Tom Cruise and Paramount Pictures are still doing strong business at the box office with “Top Gun: Maverick.” being The biggest earner to date for both Cruise and Paramount, the action blockbuster sequel has made over $1.3 billion globally. The pic did all it could do to impress naysayers, critics, and the general audience to become one of the most entertaining films in a long time. Well, the unique experience many of us felt watching Cruise put the flight jacket back on was shared by a well-respected director who is usually critical of studio efforts.
We all know that Quentin Tarantino isn’t one to hand out praise to big studio tentpoles or even comment on newer films but while speaking with the ReelBlend podcast (Lisen below), the director gushed about Cruise’s “Top Gun: Maverick.” Citing the film’s spectacle alongside Steven Spielberg‘s “West Side Story” remake as cinematic experiences that have impressed him recently.
“I f***ing love ‘Top Gun: Maverick.’ I thought it was fantastic. I saw it at the theaters. That and [Steven] Spielberg’s ‘West Side Story,’ both provided a true cinematic spectacle, the kind that I’d almost thought that I wasn’t going to see anymore. It was fantastic.”
Tarantino highlighted that “Maverick” is the closest we’ll get to seeing another Tony Scott (“Top Gun“) film, given the director’s death in 2012. Mentioning the respect and care taken by Joseph Kosinski certainly comes off as high praise.
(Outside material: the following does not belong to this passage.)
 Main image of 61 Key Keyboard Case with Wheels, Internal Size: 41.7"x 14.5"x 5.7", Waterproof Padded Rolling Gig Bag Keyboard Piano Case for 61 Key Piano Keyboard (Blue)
“But also there was just this lovely, lovely aspect because I love both [original Top Gun director] Tony Scott’s cinema so much, and I love Tony so much that that’s as close as we’re ever going to get to seeing one more Tony Scott movie,” he continued. “[Director Joseph Kosinski] did a great job. The respect and the love of Tony was in every frame. It was almost in every decision. It was consciously right there, but in this really cool way that was really respectful. And I think it was in every decision Tom [Cruise] made on the film. It’s the closest we’re ever going get to seeing one more Tony Scott movie, and it was a fucking terrific one.”
The filmmaker added he spoke with Cruise about making the sequel without the original director and Cruise said, “I know; that’s why I said no all these years — for that exact reason. We figured out a way.”
Of course, Tarantino has his own history with Scott as the British director almost directed “Reservoir Dogs” before settling on another project written by Tarantino, the dark romantic crime romp “True Romance.” An effort not unlike “Natural Born Killers” that not only has earned Quentin’s approval but his admiration over the years.
Meanwhile, we’re still waiting on Tarantino to give us an update on his “Bounty Law” series and the development status of his untitled tenth feature film before he retires from filmmaking.